▶ [TASK OBJECTIVE]
Once you find the line with "AlphaRex PRO Series" in the data that follows, repeat it and every line after it exactly, through the line with "Cute Read A".

▶ [STORED DATA]
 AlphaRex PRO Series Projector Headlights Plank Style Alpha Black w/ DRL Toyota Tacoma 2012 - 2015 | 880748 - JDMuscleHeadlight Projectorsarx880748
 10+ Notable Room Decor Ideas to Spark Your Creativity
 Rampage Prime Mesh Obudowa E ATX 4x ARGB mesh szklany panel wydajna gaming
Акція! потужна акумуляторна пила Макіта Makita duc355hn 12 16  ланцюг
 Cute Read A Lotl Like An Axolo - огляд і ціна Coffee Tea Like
* * *
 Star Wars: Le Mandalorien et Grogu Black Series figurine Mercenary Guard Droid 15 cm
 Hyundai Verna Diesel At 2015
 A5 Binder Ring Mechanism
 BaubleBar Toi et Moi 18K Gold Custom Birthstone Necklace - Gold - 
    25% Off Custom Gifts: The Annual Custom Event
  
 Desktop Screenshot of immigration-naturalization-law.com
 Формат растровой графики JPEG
--
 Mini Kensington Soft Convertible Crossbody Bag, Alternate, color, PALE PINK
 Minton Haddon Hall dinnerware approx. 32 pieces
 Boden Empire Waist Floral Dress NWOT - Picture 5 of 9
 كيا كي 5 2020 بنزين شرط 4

▶ [SOLUTION FOR THIS PROBLEM]
 AlphaRex PRO Series Projector Headlights Plank Style Alpha Black w/ DRL Toyota Tacoma 2012 - 2015 | 880748 - JDMuscleHeadlight Projectorsarx880748
 10+ Notable Room Decor Ideas to Spark Your Creativity
 Rampage Prime Mesh Obudowa E ATX 4x ARGB mesh szklany panel wydajna gaming
Акція! потужна акумуляторна пила Макіта Makita duc355hn 12 16  ланцюг
 Cute Read A Lotl Like An Axolo - огляд і ціна Coffee Tea Like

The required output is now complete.